На сцене появляется красноармейский ансамбль песни и пляски. Товарищ Сталин любит народные песни. Он любит украинские песни и просит, чтобы спели «Закувала».
Он говорит, что это его любимая песня. Когда красноармейский хор поёт украинские и красноармейские песни, Сталин и Ворошилов подпевают. Они весело, хорошо и бодро поют вместе с молодым хором. Маленькая Таня поёт вместе с Ворошиловым.
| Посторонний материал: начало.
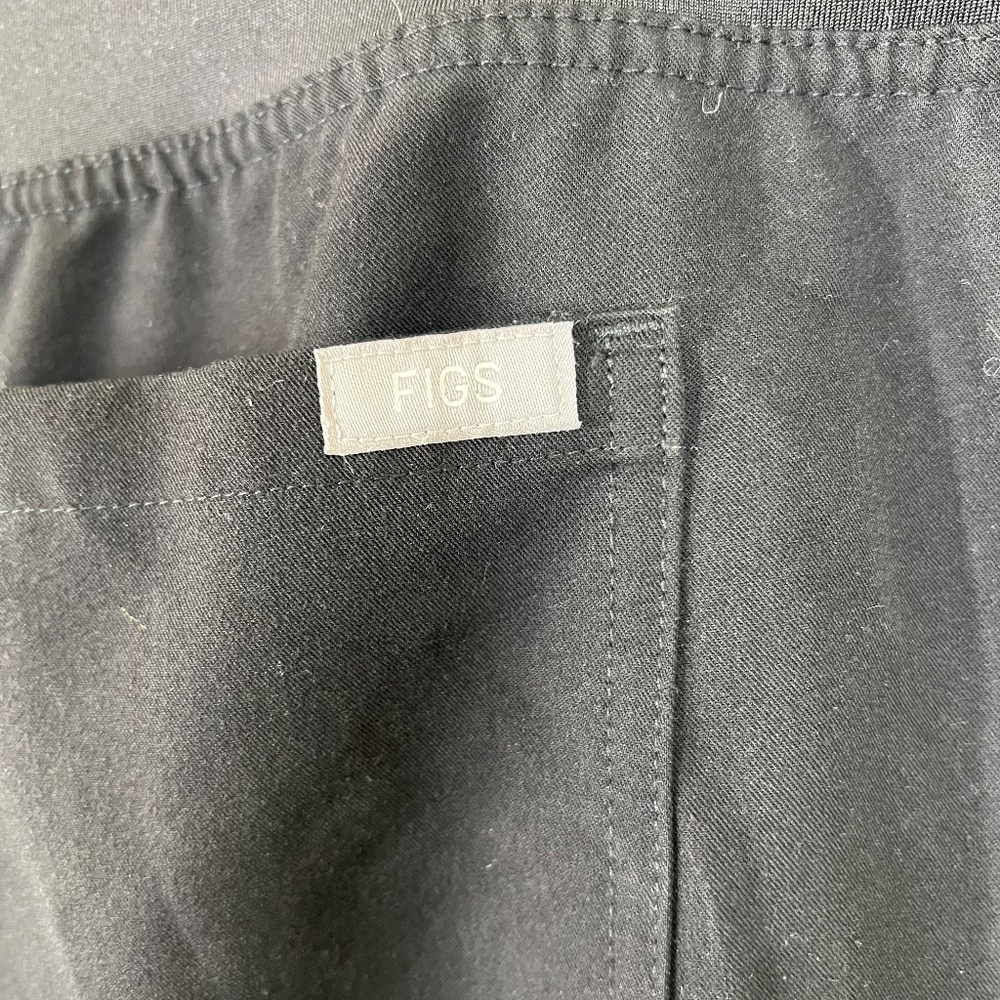 Figs Men's Scrub Pants Solid Technical Collection… - image 4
Ворошилов заставляет её петь отдельно, спрашивает:
— Знаешь ли ты эту песню?
Она поёт ему.
— А эту тоже знаешь?
Она и эту песню поёт. Я поражаюсь, как наши ребята, пока мы летаем где‑то на Дальнем Востоке, узнают новые песни и уже умеют петь всё, что поёт весь народ.
Долго продолжалась эта замечательная, тёплая встреча.
Сталин берёт букет красной гвоздики и по одному цветочку дарит моей маленькой Тане. У Тани разгораются глаза.
Она берёт гвоздики и ни за что не хочет их положить на стол, она их держит в руках, не хочет с ними расставаться. С этими гвоздиками мы уходим, когда товарищ Сталин прощается с нами, крепко жмёт нам руки и желает дальнейших успехов. Мы долго смотрим вслед уходящему Сталину».